**WHAT IS NEEDED:**
Keep the pictures out, and restate the listing that follows exactly as written.

**GIVEN INFORMATION:**
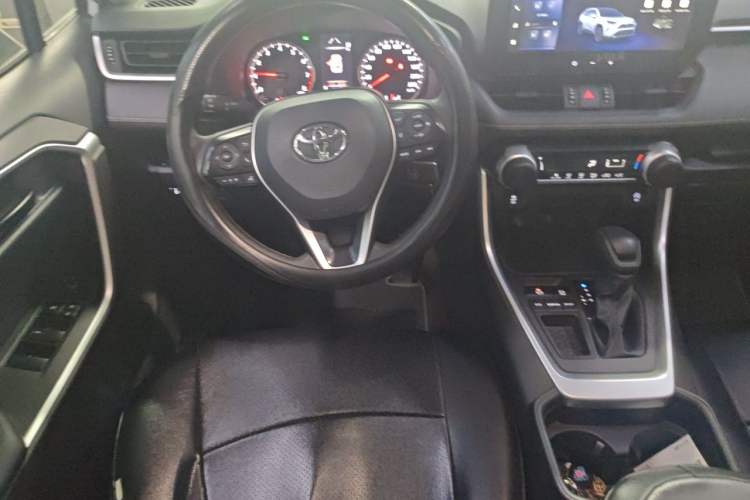 Used Toyota RAV4 2023 2.0L CVT Two-Wheel Drive Urban Edition Steering Wheel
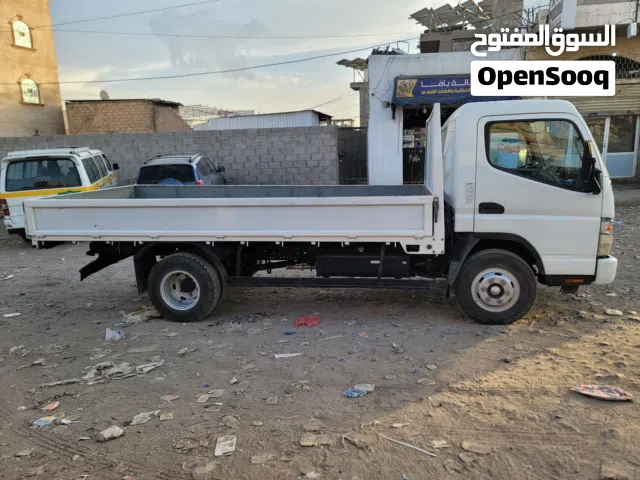 2015 Mitsubishi Canter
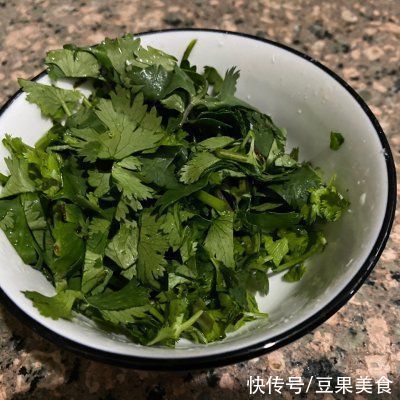  炒饭|据说这个时候吃瑶柱香芹炒饭，是最好的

**TASK RESPONSE:**
 Used Toyota RAV4 2023 2.0L CVT Two-Wheel Drive Urban Edition Steering Wheel
 2015 Mitsubishi Canter
  炒饭|据说这个时候吃瑶柱香芹炒饭，是最好的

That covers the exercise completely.